Apr 28, 2009

seeing

i am a wavering pray'er. the fashion of these inconsistencies has less to do with the discipline of prayer time, but rather to the trust that is involved with each interceding encounter. it's like this; i know god hears the cries of my heart but i don't actually believe - i mean deeply believe in every single fiber of my being, that he is going to answer my prayers. 

this past weekend i was in minnesota celebrating in the beautiful uniting marriage ceremony of one of my dearest friends. there were many events that occured over the course of 4 days that i am continuing to process through. what i am presently turning over in my mind is the radiance of god's grace that illuminated the finite trust i have in him. each experience from this past weekend drew me to the cross and there i was greeted face to face with who god is. 
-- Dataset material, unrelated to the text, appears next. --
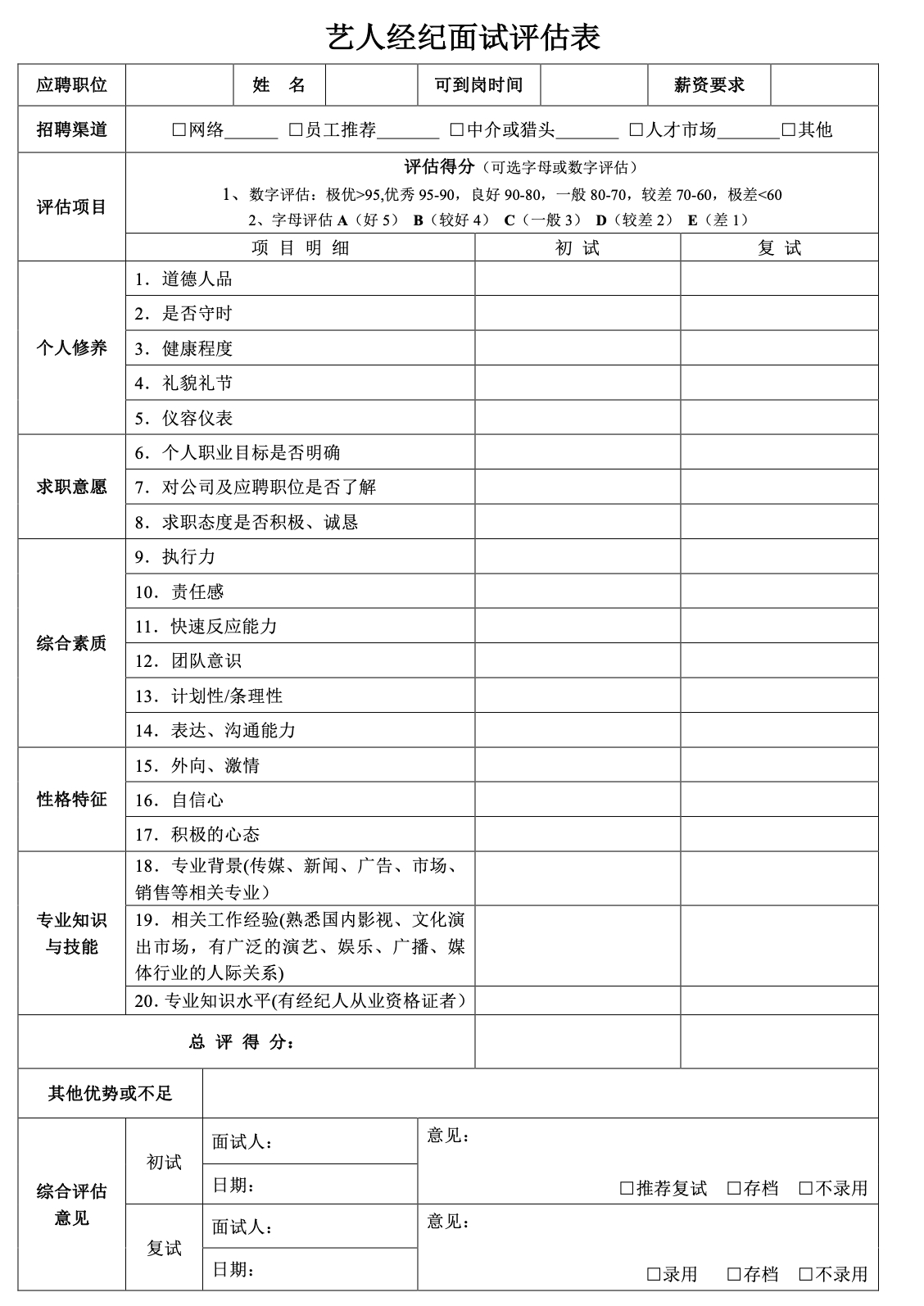 愿景未来(北京)传媒科技有限公司艺人经纪面试评估表
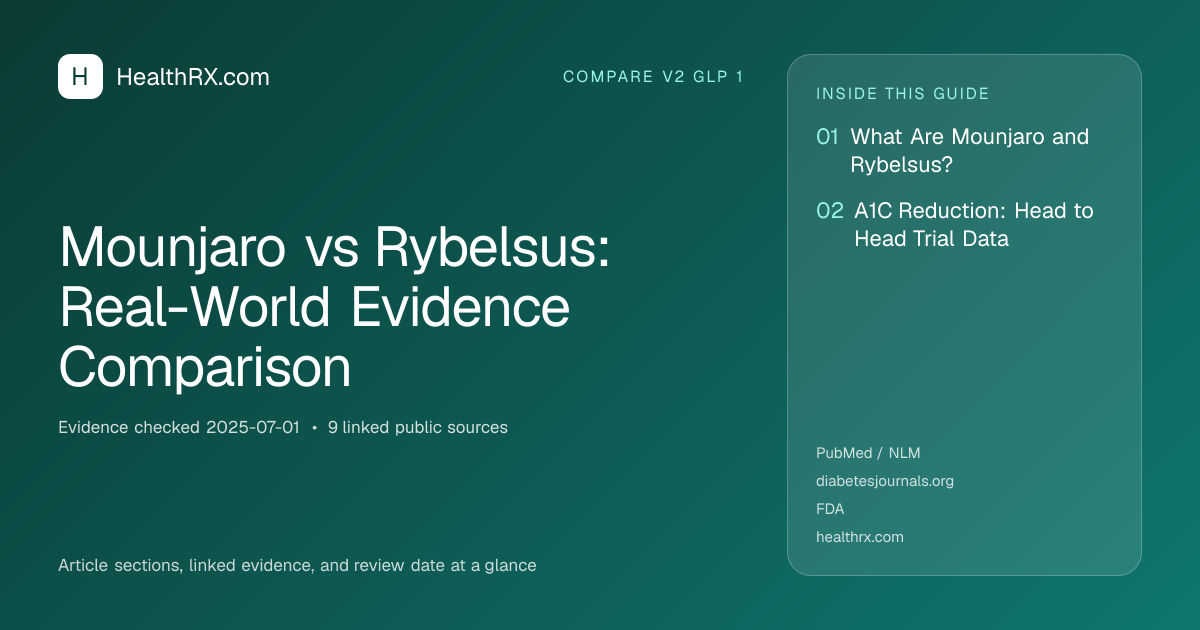 Evidence overview for Mounjaro vs Rybelsus: Real-World Evidence Comparison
god is a god of redemption and i embraced sweet redemption this weekend. god is a god of restoration and i gazed upon the spledor of this jewel of truth. god is a god of grace and for 4 days i dined at the table of isaiah 61 with bountiful portions of beauty and oils of gladness. god is a god of faithfulness and this weekend i witnessed god's faithful character through countless means. the marriage ceremony of my friend, a girls night with some of my closest sisters, a transformation that is taking place in the marriage of my older sister beth and her husband, an awkward and amazing conversation with a brother, and the sharing of a stogie and some laughs with 3 very valuable people in my life. these are the facets that god chose to reveal himself through and as he did, the scales from my eyes fell away and i saw the fruits to years of prayers and petitions.